Il a été obligé d’agir de la même Maniere, lorſqu’il a parlé des Bornes de l’Univers. Comme il n’admettoit point d’Eſpace incorporel, il s’enſuivoit de ſon Siſtême, que, par-tout où il y a de l’Etendue, il y a de la Matière : &, parce que quelque Part qu’on veuille feindre, on peut encore concevoir au-de-là des Eſpaces étendus, il ſe trouvoit forcé de conclurre, que l’Etendue étant infinie, la Matiere l’étoit par conſéquent ; ce qui devenoit ſujet, non-ſeulement a de grandes Erreurs, mais même à des Conſequences très dangereuſes pour la Religion. Pour ſe tirer de ce Pas ſcabreux, il eut recours encore à l’Indéfinité, & ſoutint que l’Etendue du Monde étoit indéfinie. Je m’étonne comment Des-Cartes, lui, qui avoit ſi ſévérement repris les Scolaſtiques de l’Abus qu’ils faiſoient des Mots, ôſa tomber dans le même Cas, & put, dans deux Choſes très eſſentielles, ne fonder ſon Sentiment que ſur un Jeu de Mots, & un Quolibet : car, comment peut-on traitter autrement ce Terme, qui ne définit rien, & ne porte aucune Idée dans l’Entendement, ſi ce n’eſt celle du peu de Certitude qu’à la Philoſophie qui ſe ſert d’un pareil Subterfuge ?
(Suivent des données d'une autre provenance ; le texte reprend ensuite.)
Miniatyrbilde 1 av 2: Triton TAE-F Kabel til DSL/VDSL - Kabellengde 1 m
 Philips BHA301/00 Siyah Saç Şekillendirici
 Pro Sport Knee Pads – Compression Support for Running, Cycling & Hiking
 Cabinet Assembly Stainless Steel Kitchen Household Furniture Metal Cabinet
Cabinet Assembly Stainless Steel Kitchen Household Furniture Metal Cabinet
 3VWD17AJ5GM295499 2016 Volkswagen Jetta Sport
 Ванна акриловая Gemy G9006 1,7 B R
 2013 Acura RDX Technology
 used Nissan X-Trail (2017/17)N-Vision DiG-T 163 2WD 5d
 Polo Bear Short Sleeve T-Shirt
Je vois déjà, Madame, frémir tous les Cartéſiens, & me traitter d’Ignorant. Mais,

Duſſent les Grecs encore fondre ſur un Rebelle,
je n’avouerai jamais, qu’il ſoit décent à un Philoſophe d’abuſer des Mots, de ſe jouër de Bagatelles, & de vouloir en impoſer aux Hommes. J’aurois mieux aimé que Des-Cartes eut avoué bonnement, que la Matière étoit infinie, comme il le croïoit intérieurement, que d’avoir déguiſé ſa Penſée, & d’avoir eu recours à cette prétendue Infinité. Je ſçai, que bien des Gens trouveront étrange, que j’ôſe critiquer un auſſi grand Homme que Des-Cartes, que je reſpecte peut-être plus qu’eux-mêmes. Mais, je leur dis hardiment, que, non-ſeulement je penſe que le Siſtême de Des-Cartes eſt défectueux en bien des Choſes qui ne ſont pas aiſées à digérer, mais même qu’il eſt très aiſé à quiconque le ſuit entiérement de devenir Spinoſiſte. Quelque ſavant qu’il fût, il étoit Homme, & comme tel il étoit ſujet à l’Humanité. S’il a éclairci un grand Nombre de Difficultez, il a auſſi donné quelquefois dans l’Erreur. C’eſt-là du moins le Jugement que fait de ſes Ouvrages un de ſes plus fameux Diſciples[2].

  1. Nos neque ex quibuſdam, neque ex tot vel tot neque ex finitiſ, neque ex infinitiſ conſtare.
  2. « Monsieur Des-Cartes étoit Homme, comme les autres, ſujet à l’Erreur & à l’Illuſion, & comme les autres. Il n’y a aucun de ſes Ouvrages, ſans même en excepter ſa Géométrie, où il n’y ait quelque Marque de la Foibleſſe de l’Eſprit, Humain. Il ne faut donc point le croire sur sa Parole, mais le lire, comme il nous en avertit, lui même, avec Précaution, en éxaminant s’il ne s’est point trompé, & ne croïant rien de ce qu’il dit, que ce que l’Evidence & les Reproches ſecrets de notre Raiſon nous obligeront de croire. » Mallebranche, de la Recherche de la Vérité, Livr. III, Chap. IV, pag. 186.